También el Ejército de Liberación Nacional (ELN, guevarista y en diálogos preliminares con el gobierno) y otros grupos acosaban a su comunidad.
Aparte de los fantasmas del pasado, el retorno de los embera, una etnia proveniente sobre todo de los departamentos de Chocó y Risaralda (oeste), está amenazado por la inseguridad y la falta de infraestructura en la zona.
«En territorios embera, principalmente en el Pacífico, aún se presentan riesgos», afirma Julia Madariaga, directora de Asuntos Étnicos de la gubernamental Unidad de Víctimas, quien espera que los diálogos con el ELN «pongan fin a las acciones que ponen en peligro a la población civil».
Desde 2011, cuando una estampida de desplazamientos puso a más de un millar de emberas a mendigar en las calles de Bogotá, la mayoría ha retornado a sus territorios, con dificultades.
«¿Volver a dónde?»
De los 1.098 emberas que ingresaron al albergue inaugurado en Bogotá para poner fin a la emergencia humanitaria de 2011, solo 87 siguen viviendo allí.

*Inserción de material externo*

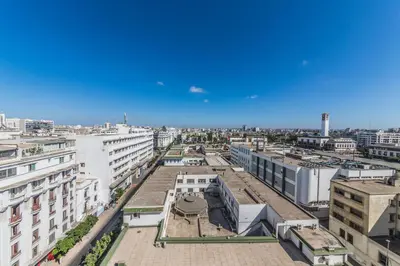 an aerial view of a city with buildings at Prince de Paris in Casablanca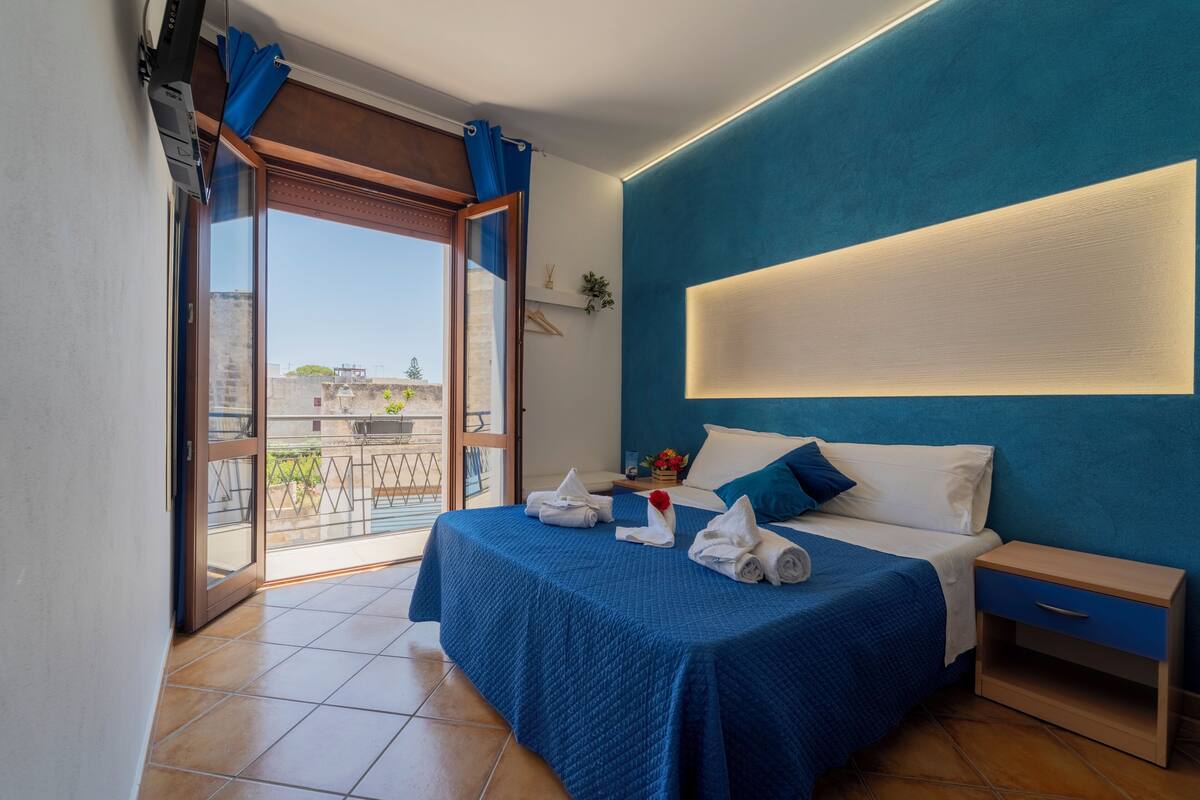 A bedroom with a bed, a nightstand, a window with curtains, and a view of buildings outside.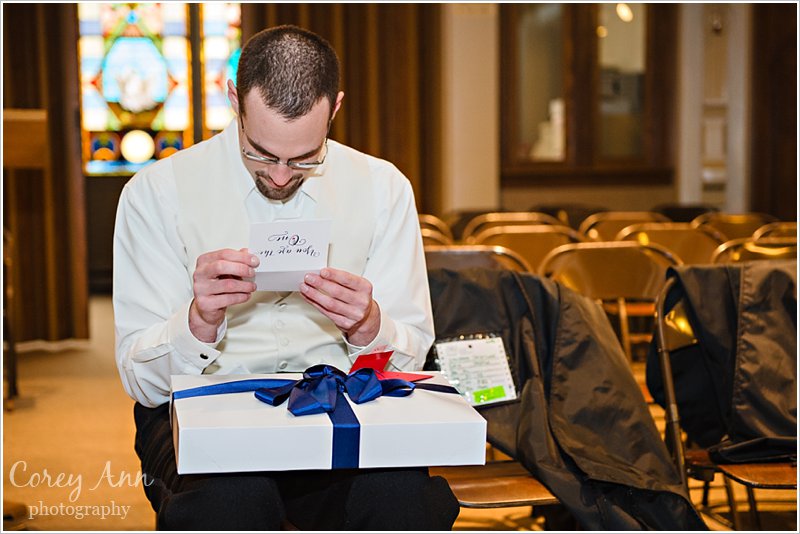 groom opening wedding gift from bride in ohio
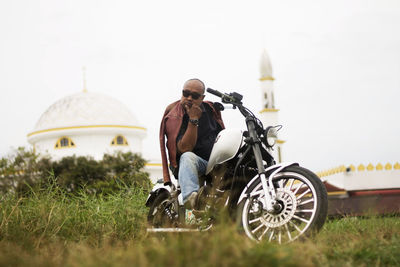 Surface level portrait of man sitting on motorcycle against mosque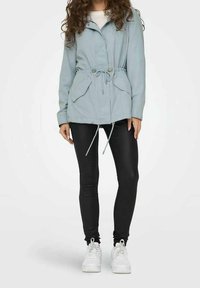 Veste à capuche bleu clair avec taille cintrée, deux poches latérales et cordon de serrage. Associée à des leggings noirs et des baskets blanches.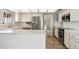 Modern kitchen with stainless steel appliances, white countertops, and ample cabinet space at 113 E Boca Raton Rd, Phoenix, AZ 85022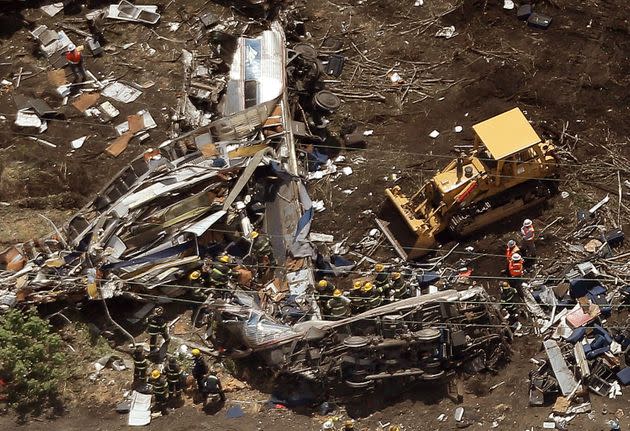 Investigators and first responders work near the wreckage of Amtrak 188 on May 13, 2015, in Philadelphia. (Photo: Win McNamee via Getty Images)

El resto se unió a retornos sucesivos, pero 370 miembros de esa comunidad -según fuentes de la secretaría de Salud de la capital- malviven hacinados en una quincena de «pagadiarios» (hoteles baratos), por entre 7.000 y 25.000 pesos (2 y 7 dólares).
«Puedo decir que voy a volver, pero ¿a dónde?», se pregunta Norbey Giraldo, de 23 años y originario de Risaralda. Hace un mes volvió a Bogotá tras regresar al campo en 2012 junto con 112 familias.

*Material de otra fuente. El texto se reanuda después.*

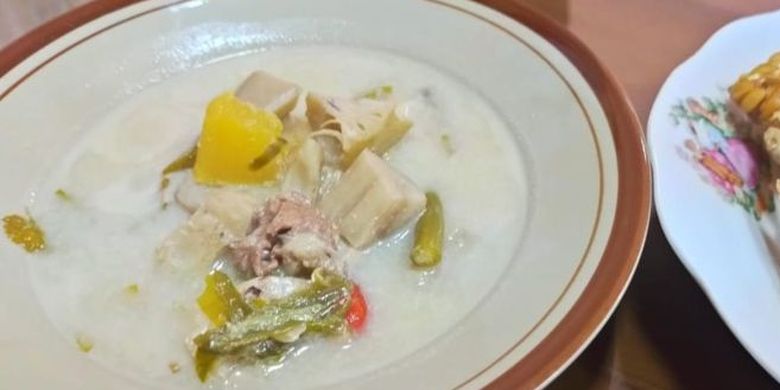 Creamy white soup in a bowl with pork chunks, yellow bell pepper, and mixed vegetables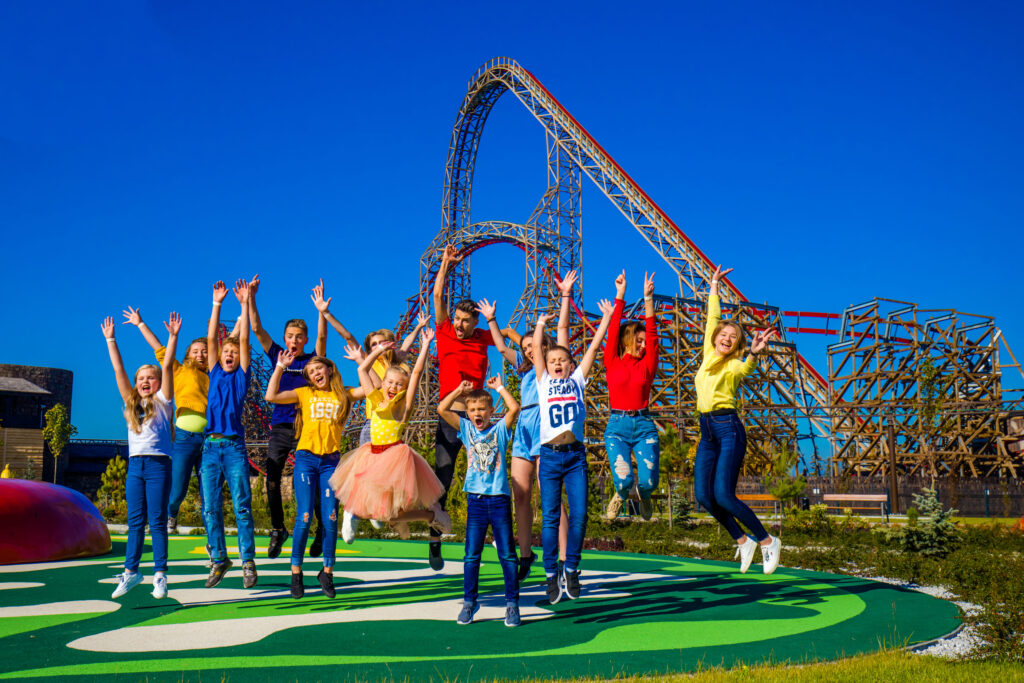 Grupa dzieci skaczących z radości na tle kolejki górskiej w Energylandii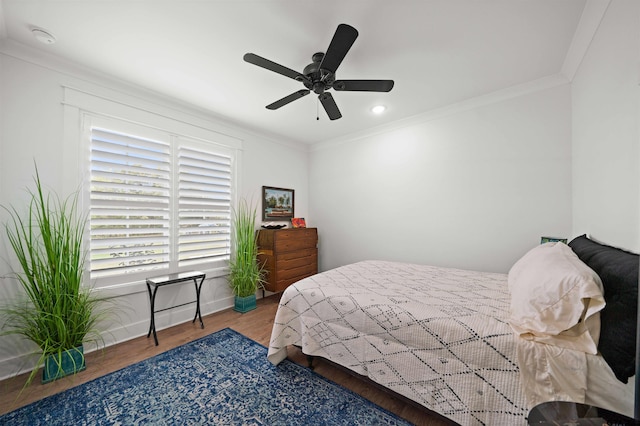 bedroom featuring hardwood / wood-style flooring, ceiling fan, and crown molding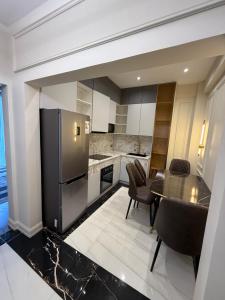 a kitchen with a black refrigerator and a table at Айни60 in Dushanbe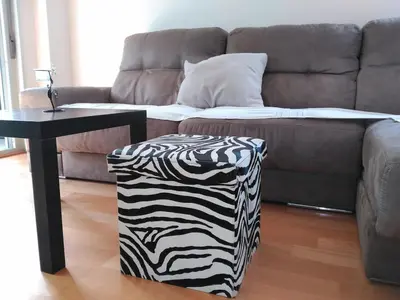 a zebra print ottoman in a living room with a couch at 3 BEDROOMS, 2 BATHROOMS FOR 6 PAX, SWIMMING POOL, FREE PARKING and NEAR THE BEACH! in Sant Adria de Besos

Era tierra de afrocolombianos, no de indígenas, donde la gente tenía miedo de vivir, cuenta desde una plaza céntrica bogotana, donde vende artesanías junto a su familia para pagar la estadía en San Bernardo, uno de los barrios más peligrosos de la capital.
La primera vez que llegó a Bogotá, «entre 2004 y 2005», era un niño. Cuando se fue, ocho años después, estaba casado y con tres hijos. El terreno al que se trasladaron en el marco de un programa gubernamental, afirma, no tenía ni una vivienda.

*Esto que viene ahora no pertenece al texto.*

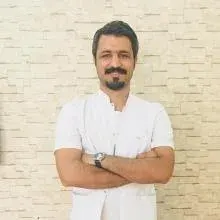Dt. Serkan Sayyiğit — Diş Hekimi, Van. Portre fotoğrafı.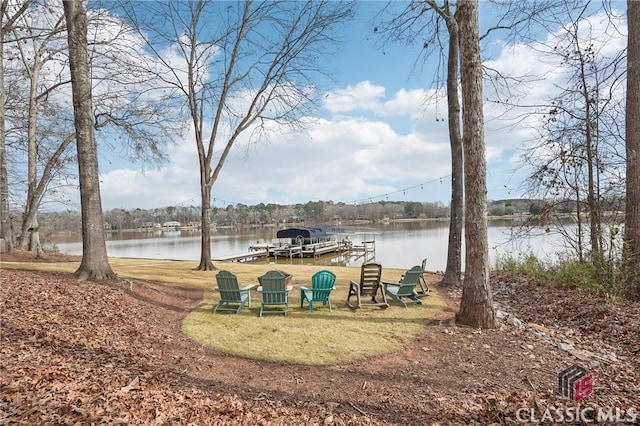 view of yard featuring a water view and a dock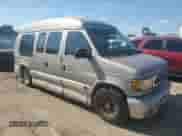 2002 Ford Econoline Cargo Recreational with VIN 1FDRE14L22HB70265, listed as a Copart auction lot 69053235 with 245,320 mi miles and Salvage title. Bid and sale history available at DreamBid. Image 4.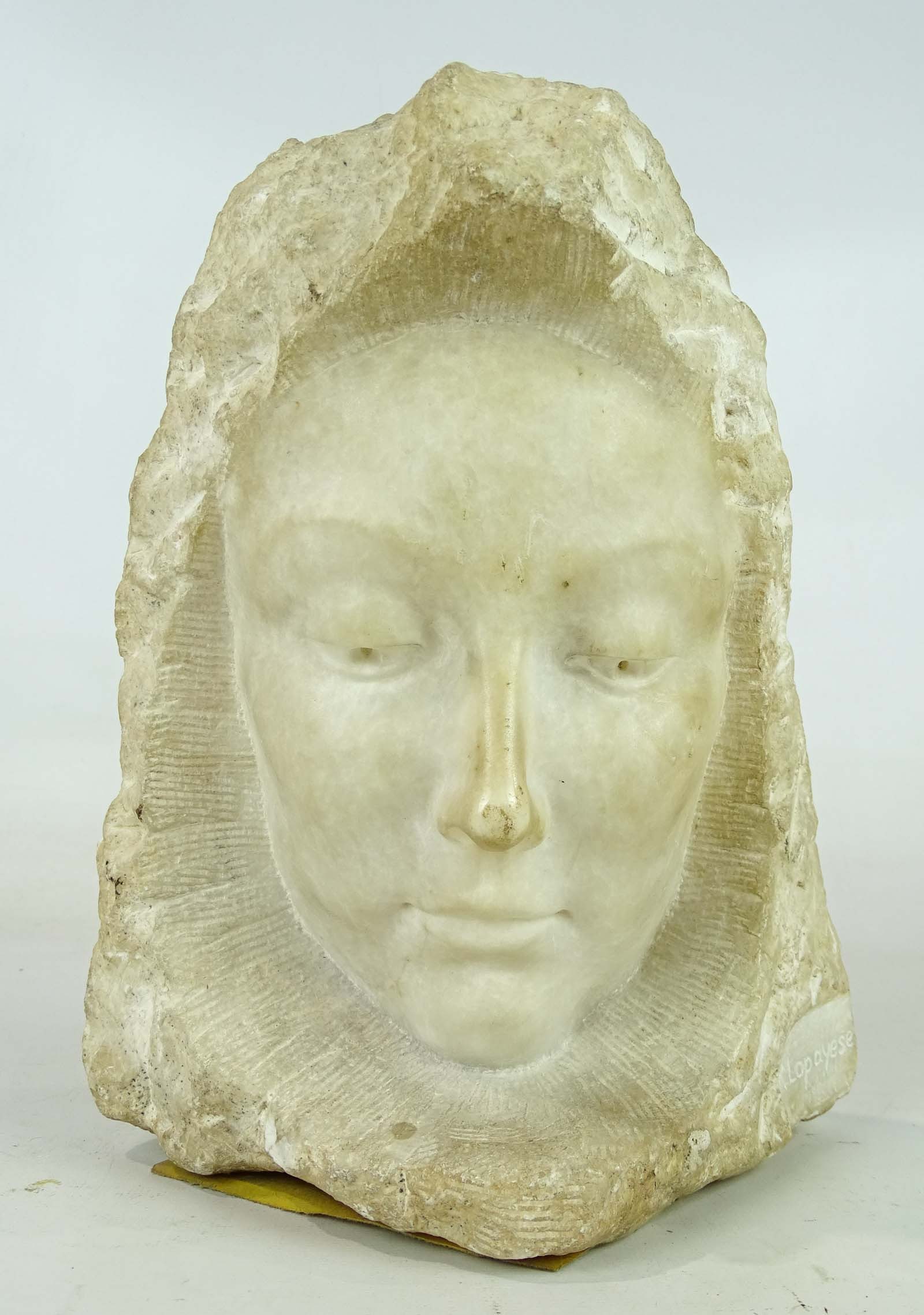 Carved Marble Face: Carved marble face. 10 1/2" Ht..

«Nos amenazaban armados de no sé qué grupo. Nos decían: ‘váyanse de acá, estas no son sus tierras», agrega. «Nos dieron hasta el 15 de diciembre para irnos otra vez». Pero adelantaron su fuga.
Embera sin tierra
El acoso planea sobre sus recuerdos. «No podemos volver por la seguridad. Todavía hay guerrilla. No va a desaparecer nunca», dice Lisandro Nacavera, de 50 años, cabeza de un proyecto de reubicación para construir un resguardo en territorio privado.